American Trails, formerly a favorite Plaza shop for exploring, collecting and learning about the art, rugs, masks and bowls of Native Americans, has re-opened after a five-year gap, this time on the Main drag, next to Unicorn.
It opened March 18 and, says owner Shane Bloodworth, was inundated by old customers who loved to browse and pick up items for their collections. Dave Bobb, owner of the Plaza shop and minor owner of the new one, says, “It’s fabulous to be back. It’s a great location and we have all kinds of new things we didn’t have in the old store.”
The two love their work and can talk authoritatively about the craft folk who make it, their skill set and what period it comes from. They just got back from a 3,500-mile buying trip in the Southwest and the coast cultures of Washington and British Columbia.
Beautiful Navajo rugs, obviously not modern, go back to the 1910-30s period and are priced starting at $450 and going up to $2,100. Newer ones are expensive, with the famed Toadlena rugs, from Ship Rock, New Mexico, going for up to $5,800. Each one takes about six months to make and are, says Bloodworth, of tightest weave using complex designs that weavers (all women) have memorized in their heads and pass on through many generations.
Some of the relics are fantastically collectible and the pair, who have occasional “appraisal days” for customers, recently told owners that their large woven bowl was extremely rare and collectible. In research, says Bobb, they were able to identify the specific weaver and they got them $24,000.
While there’s profit to be made, Bloodworth says dealer-buyers must get to personally know a wide network of craft folk, most of whom don’t have phones or the internet, and demonstrate they won’t haggle with the makers and will turn over goods rapidly at a reasonable price, making sufficient money so they can come back and buy more.
“They ask if you’re doing it for profit or to help people,” Bobb says. “The biggest thing is that it’s about the people.
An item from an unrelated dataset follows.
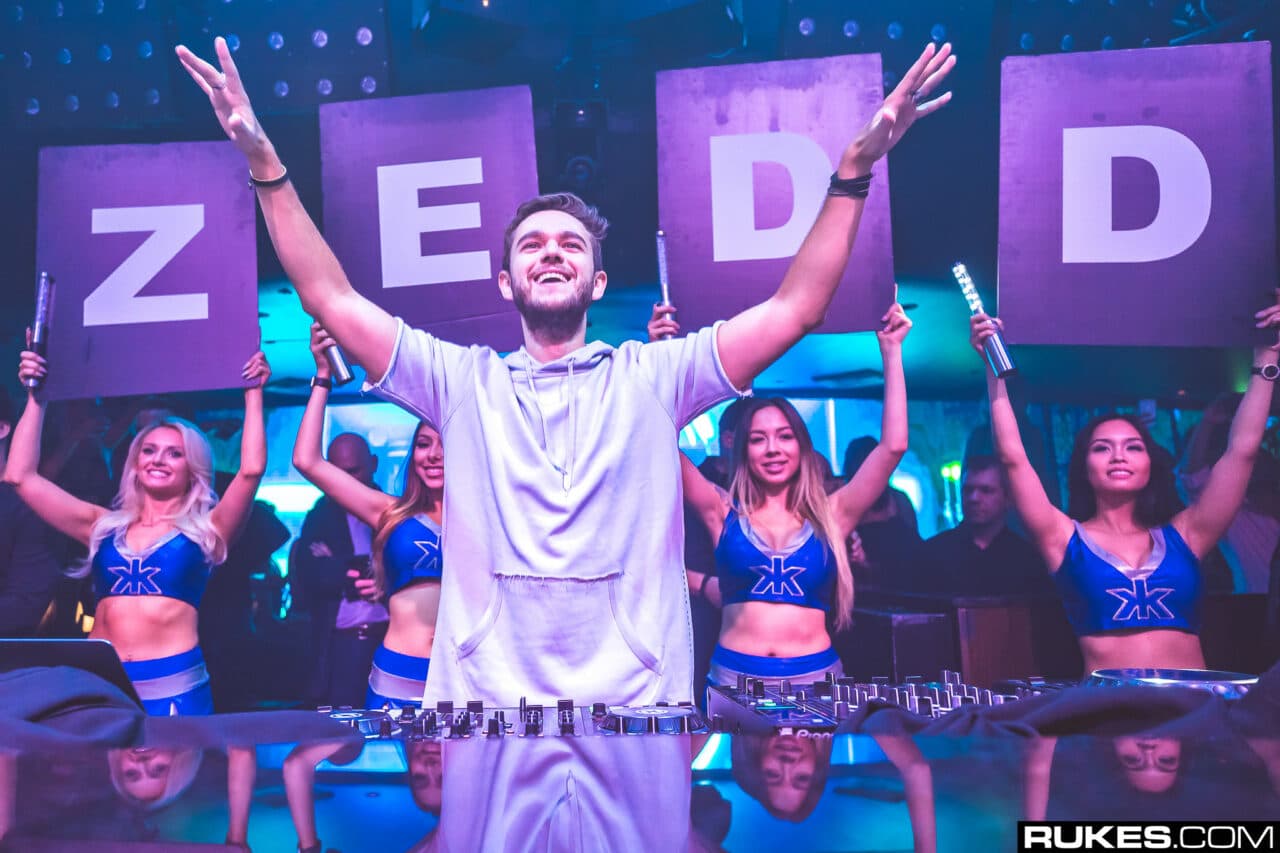 Zedd scheint mit Katy Perry an einer Collab zu arbeiten!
You want to help them stay on their tribal and historic lands and not have to move off and become urbanized. We know everyone on a personal basis and we know the design motif of every family.”
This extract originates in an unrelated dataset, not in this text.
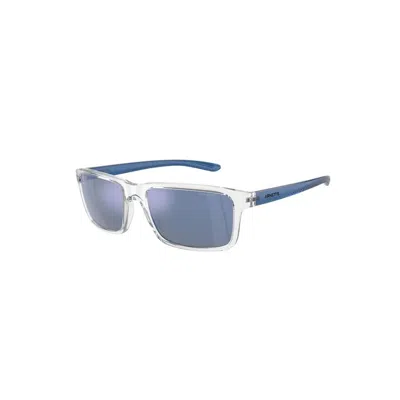 Arnette Mann Sunglass An4322 Mwamba In Dark Grey Mirror Water Polarized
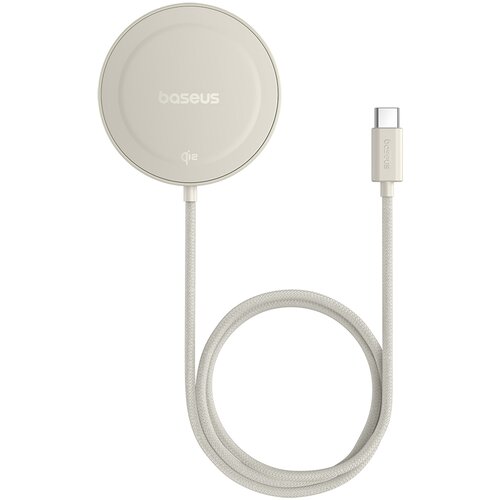 Ładowarka indukcyjna BASEUS Simple Mini 4 Qi2 15W Złoty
One wall displays a stunning array of Northwest coast Salish masks (meant to be displayed, not worn), most being “animalista,” meaning fashioned broadly after animals but much more impressionistic. One depicts big foot. The rest are recognizable creatures, based on the artist’s clan. They are hand carved and painted — no machinery — and Bloodworth says the goods are passed along by a third party; the maker is remote and can’t be located.
American Trails has a vast array of rings, necklaces, earrings and other jewelry, with one display case — the one furthest back in the store, packed with the “old stuff,” (also called “pawn”). It’s the silver with much desired patina of age and turquoise or other stone with that aged look (the new turquoise is much brighter).
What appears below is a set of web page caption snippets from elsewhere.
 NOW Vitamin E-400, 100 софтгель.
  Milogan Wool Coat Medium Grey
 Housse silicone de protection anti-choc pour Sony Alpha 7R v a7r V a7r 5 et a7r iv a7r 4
“On the first day, they flooded in and all went straight to this case,” says Bloodworth.
The pair have a large display of Oaxaca folk art, amazingly fanciful and colorful little animals and bowls filled with waxed beads and depicting animalista — wolf, bear, cougar, eagle, owl — all at affordable prices and ready to spice up a mantel.
“If you’re having a bad day,” jokes Bloodworth, “all you have to do is look at one of these.”
You may not recognize some of the genres, but they quickly turn up on Google — Mata Ortiz pottery from New Mexico, Chimney Butte (a man’s name) jewelry, Zacotec weaving, basket hats for the passage to womanhood. Modern paintings of wildlife are also featured.
The original shop ran from 1990 to 2012. It has its grand opening tonight, April 7, at 250 East Main St. during First Friday art walk.